Нельзя сказать, чтобы почта журналов, как и газет, и радио, и телевидения, не была предметом сознательного изучения, но занимались этим специалисты узкого профиля – во многих (наверное, в подавляющем большинстве) редакций почта регулярно просматривалась «научными» кадрами ГБ, и результаты такого отлова крамолы не только становились сюжетами соответствующих аналитических записок, но и – при случае – сказывались, и подчас серьезно, на судьбах не в меру несдержанных авторов писем.

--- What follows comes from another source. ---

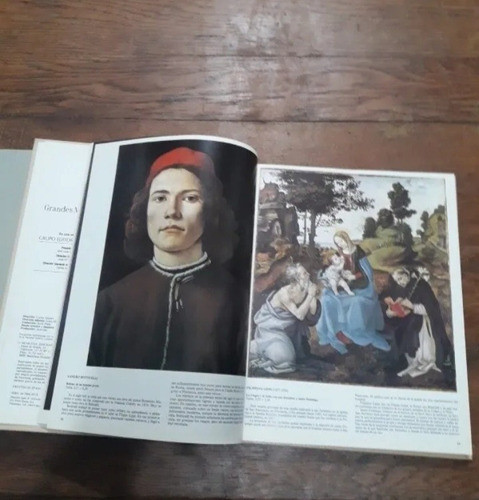 Libro Grandes Museos Del Mundo 1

Читательская почта «Нового мира» той поры, когда журнал печатал мемуары Ильи Эренбурга «Люди, годы жизнь», не была в этом смысле исключением, разве что среди читателей «Нового мира» процент думающих и пытающихся разобраться в том, что происходит в стране, был несколько больше, нежели в других общедоступных изданиях.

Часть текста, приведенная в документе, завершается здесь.